EINE HUMANISTISCHE UTOPIE – Julian Nida-Rümelin wurde eingeladen, die Festrede der diesjährigen Salzburger Festspiele zu halten. Mit einem Plädoyer für einen pragmatischen Utopismus.
Als die Salzburger Festspiele aus der Taufe gehoben wurden, ging gerade der 1. Weltkrieg zu Ende. Unter dem Eindruck des Elends, das der „große Krieg“ mit sich gebracht hatte, sollte es ein Fest des Friedens werden. Nicht einmal zwei Jahrzehnte später hatten die Nazis beinahe ganz Europa in ihrem Würgegriff. Die Salzburger Festspiele mit eingeschlossen.
(c) Luigi Caputo, Salzburg Museum: 100 Jahre Salzburger Festspiele: Arturo Toscanini sagt 1938 nach dem Anschluss Österreichs an Nazi-Deutschland seine Teilnahme an den Salzburger Festspielen aus Protest ab.
Die Absage Arturo Toscaninis an den Salzburger Festspielen nach Österreichs Anschluss an Nazi-Deutschland teilzunehmen, verdeutlicht eine der zentralen philosophischen Positionen von Julian Nida-Rümelin, dem diesjährigen Festredner der Salzburger Festspiele.
In seiner Arbeit über Entscheidungstheorie und Ethik lehnt Rümelin konsequenzialistische Handlungsmodelle zur Analyse moralischen Verhaltens ab. Toscaninis Absage ließe sich damit beispielsweise auch nicht erklären.

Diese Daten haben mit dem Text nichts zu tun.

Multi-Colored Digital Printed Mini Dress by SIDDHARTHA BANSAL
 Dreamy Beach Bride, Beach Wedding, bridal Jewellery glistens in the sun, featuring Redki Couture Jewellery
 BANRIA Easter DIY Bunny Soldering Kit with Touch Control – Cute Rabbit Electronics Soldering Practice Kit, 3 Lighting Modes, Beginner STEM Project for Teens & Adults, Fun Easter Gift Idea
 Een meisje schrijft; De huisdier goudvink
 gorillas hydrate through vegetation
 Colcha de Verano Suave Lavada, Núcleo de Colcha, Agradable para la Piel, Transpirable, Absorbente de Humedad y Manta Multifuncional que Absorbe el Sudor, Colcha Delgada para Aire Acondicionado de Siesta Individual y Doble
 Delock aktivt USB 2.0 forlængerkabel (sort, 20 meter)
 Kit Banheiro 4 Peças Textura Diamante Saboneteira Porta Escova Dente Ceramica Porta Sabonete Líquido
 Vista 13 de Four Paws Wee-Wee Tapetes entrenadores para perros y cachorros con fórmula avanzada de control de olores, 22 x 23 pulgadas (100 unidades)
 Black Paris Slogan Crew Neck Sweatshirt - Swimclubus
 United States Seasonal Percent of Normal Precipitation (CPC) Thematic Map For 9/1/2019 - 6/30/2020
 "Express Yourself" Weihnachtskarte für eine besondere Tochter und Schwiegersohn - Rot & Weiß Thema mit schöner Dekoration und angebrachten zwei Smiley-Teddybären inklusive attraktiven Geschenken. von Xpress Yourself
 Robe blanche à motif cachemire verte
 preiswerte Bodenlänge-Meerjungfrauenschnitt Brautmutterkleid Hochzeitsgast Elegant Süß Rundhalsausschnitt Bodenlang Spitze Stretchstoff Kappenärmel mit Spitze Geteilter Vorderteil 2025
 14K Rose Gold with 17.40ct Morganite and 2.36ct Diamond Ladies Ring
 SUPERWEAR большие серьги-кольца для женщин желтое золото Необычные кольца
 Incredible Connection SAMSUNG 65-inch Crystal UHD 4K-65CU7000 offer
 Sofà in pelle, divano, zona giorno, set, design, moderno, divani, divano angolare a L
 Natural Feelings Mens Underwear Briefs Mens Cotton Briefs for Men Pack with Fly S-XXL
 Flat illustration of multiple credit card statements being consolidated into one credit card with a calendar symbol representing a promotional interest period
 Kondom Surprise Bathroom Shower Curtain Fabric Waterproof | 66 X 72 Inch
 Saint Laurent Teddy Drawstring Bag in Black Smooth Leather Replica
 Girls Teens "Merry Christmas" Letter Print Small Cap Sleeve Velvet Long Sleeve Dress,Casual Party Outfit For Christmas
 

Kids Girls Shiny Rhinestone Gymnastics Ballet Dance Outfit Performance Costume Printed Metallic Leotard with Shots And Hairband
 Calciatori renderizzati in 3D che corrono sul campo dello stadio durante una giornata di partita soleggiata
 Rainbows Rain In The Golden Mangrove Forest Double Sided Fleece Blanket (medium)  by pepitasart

Nida-Rümelin steht auf dem Standpunkt, dass nur der Mensch selbst die Gründe seines Handelns kennt.
In seinem Hauptwerk “Eine Theorie der praktischen Vernunft” geht Nida-Rümelin auf kritische Distanz zum Naturalismus und Physikalismus: „Physikalisch lässt sich kein psychisches Erleben interpretieren“, hält er fest. Die aktuell vorherrschenden Paradigmen in der Ökonomie qualifiziert er als „Mystizismus“. Seine Kritik verdeutlicht er zum Beispiel an dem weithin vorherrschenden Paradigma, dass wir unsere Entscheidungen in erster Linie nach rationalen Prinzipien der Nutzen- und Interessensoptimierung treffen würden. Kooperatives Verhalten ließe sich mit solchen Paradigmen aber nicht erklären, hält er fest.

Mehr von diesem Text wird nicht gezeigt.